Brazil is considered to be the world's eighth-largest economy. It is certainly the largest nation in Ibero-America in territory (and larger than the continental United States), and, with a population of 170 million, it has developed first-class industrial and scientific capacities of crucial importance for the reconstruction of all Ibero-America. While anger is building as the rationing sinks in its claws, it has dawned on few Brazilians that their country could see 20 to 30 years of growth wiped out, in as little as a year, as the energy shock-front advances.

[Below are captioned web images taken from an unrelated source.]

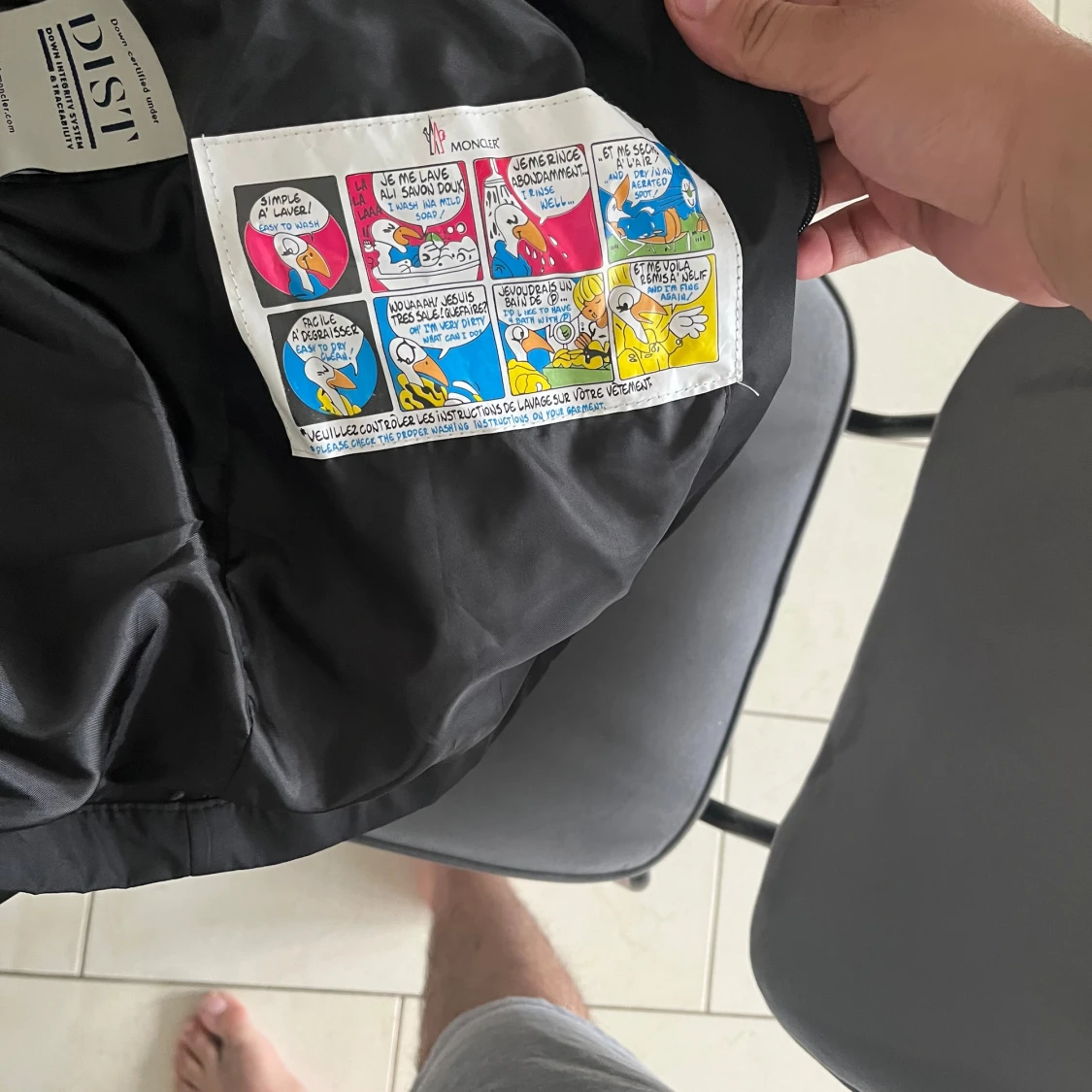 Äkta moncler jacka   - 91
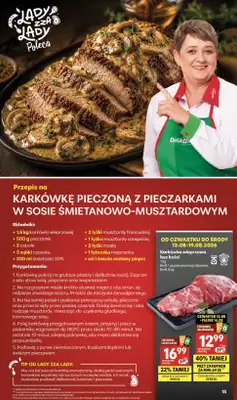 Delikatesy Centrum - gazetka promocyjna Gazetka  do środy 19.08 - strona 15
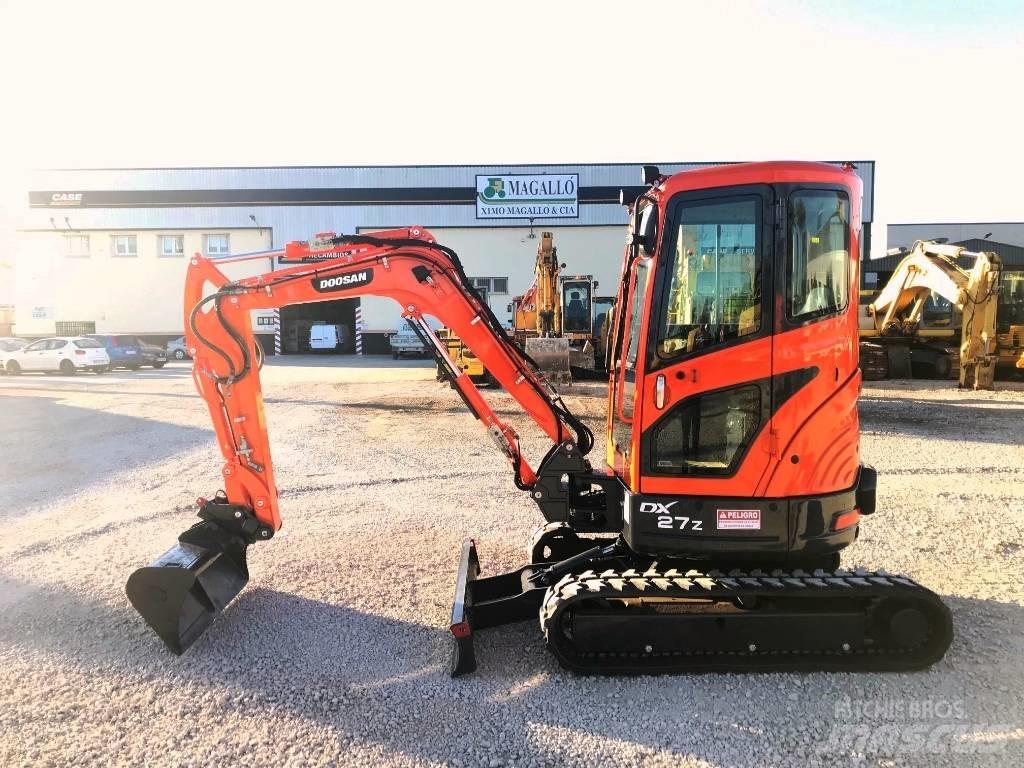 Doosan DX 27 Z Mini excavatoare < 7t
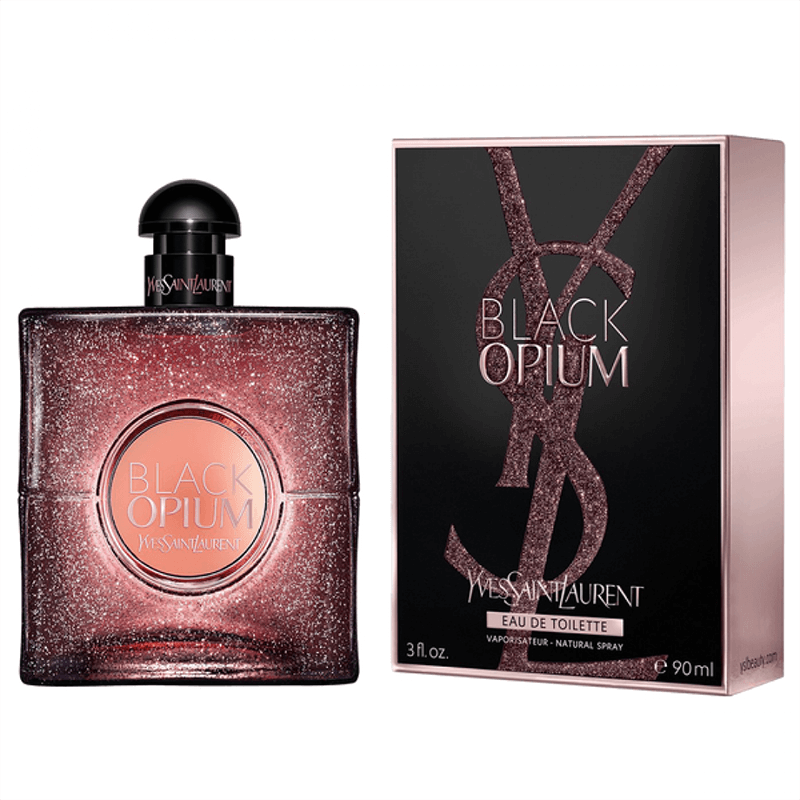Yves Saint Laurent Black Opium Glow 90ml EDT (L) SP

How the country grasps the enormity of the crisis and rallies to confront it, will depend upon what Brazilians understand as its cause. The electricity crisis is not, as is oft repeated, the result of a record drought, nor was it a surprise to policymakers. One of Brazil's largest weeklies, Istoé, observed in its June 3 issue that "arriving at the blackout took a lot of time and obstinacy." It took two decades of the interwoven policies of privatization, environmentalism, and International Monetary Fund debt looting, imposed at an ever-accelerating rate, to bring Brazil to this fateful crisis. It was a deliberate policy, and it has achieved the result which it intended to achieve. The willingness to face that truth, will determine if, and how fast, Brazil mobilizes to survive.

A `Darker Way of Life'

What is going on in Brazil should be studied by the credulous fools who repeat the mantra that "conservation" is the answer to preventing more "Californias" around the globe. Brazilian industry, agriculture, and households alike are scrambling to gouge their energy usage, so as to avoid the steep financial penalties which are to be slapped onto anyone who fails to meet the 20% mandatory "conservation." Those who fail for two consecutive months, are to have their electricity cut off entirely for a several-day period; repeat offenders will be cut off for an even longer period.

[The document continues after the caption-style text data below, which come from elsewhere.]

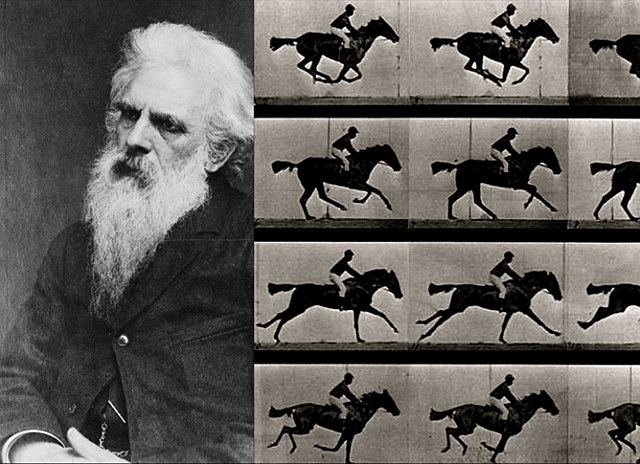 Eadweard Muybridge y la Cronofotografía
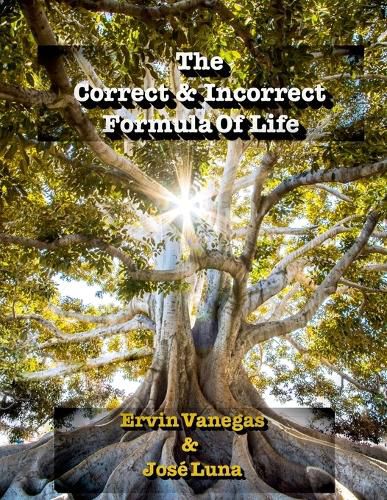 Cover image for The Correct & Incorrect Formula of Life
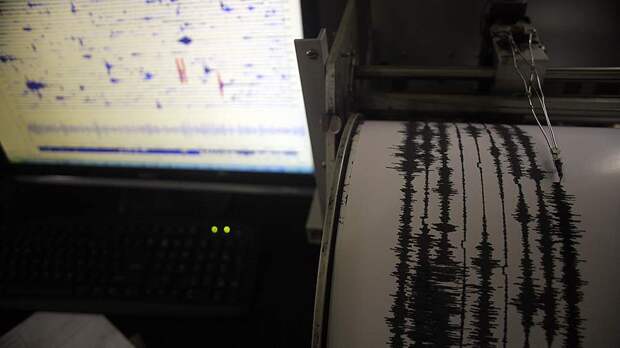 Землетрясение магнитудой 4,6 произошло на Камчатке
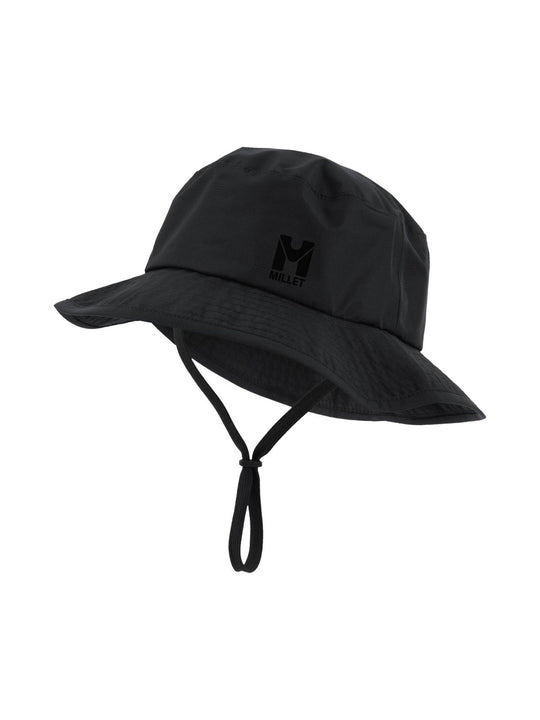 Kapelusz MILLET Rainproof Hat czarny - Czapka - Adventure Sports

Cutting one-fifth of electricity usage in a modern economy is not so easy, despite the ravings of the likes of Rio de Janeiro's enthusiastic Secretary of the Environment, Eduardo Paes, who is campaigning for flashlights to replace electric lighting, and says it's time to get used to "a new, darker way of life." In the cities, sales of electrical appliances have plummetted, while candle sales have soared. People are unplugging their freezers, dishwashers, and washing machines. Microwaves may be done without; but refrigerators? Brazilians are taking cold showers, watching TV in the dark, and curtailing their use of personal computers.

Whole categories of activity are being shut down. All nighttime soccer games have been cancelled. Outdoor public lighting in the big cities has been cut by 35%, forcing people to stay home at night, rather than risk being assaulted on darkened streets. Banks now close one hour earlier. Gas stations in Rio de Janeiro are shut between 10:00 p.m. and 6:00 a.m., forcing taxis, too, to curtail service during those hours.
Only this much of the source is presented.